▶ _Problem description_
In the records below, find the line containing "iPhone5 iPhone5s ケース" and restate it and all lines after it exactly, through the last line.

-- Record excerpts follows --

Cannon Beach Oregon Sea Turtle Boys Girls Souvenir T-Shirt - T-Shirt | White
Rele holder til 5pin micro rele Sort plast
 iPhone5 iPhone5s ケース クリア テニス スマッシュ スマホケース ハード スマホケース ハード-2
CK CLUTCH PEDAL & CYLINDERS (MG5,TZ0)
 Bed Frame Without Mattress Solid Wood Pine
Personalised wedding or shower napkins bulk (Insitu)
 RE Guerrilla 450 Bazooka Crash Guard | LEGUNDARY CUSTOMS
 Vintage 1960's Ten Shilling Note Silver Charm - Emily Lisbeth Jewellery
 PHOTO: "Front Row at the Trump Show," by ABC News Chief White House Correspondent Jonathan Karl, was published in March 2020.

-- Record excerpts concluded --

▶ _Answer for the task_
 iPhone5 iPhone5s ケース クリア テニス スマッシュ スマホケース ハード スマホケース ハード-2
CK CLUTCH PEDAL & CYLINDERS (MG5,TZ0)
 Bed Frame Without Mattress Solid Wood Pine
Personalised wedding or shower napkins bulk (Insitu)
 RE Guerrilla 450 Bazooka Crash Guard | LEGUNDARY CUSTOMS
 Vintage 1960's Ten Shilling Note Silver Charm - Emily Lisbeth Jewellery
 PHOTO: "Front Row at the Trump Show," by ABC News Chief White House Correspondent Jonathan Karl, was published in March 2020.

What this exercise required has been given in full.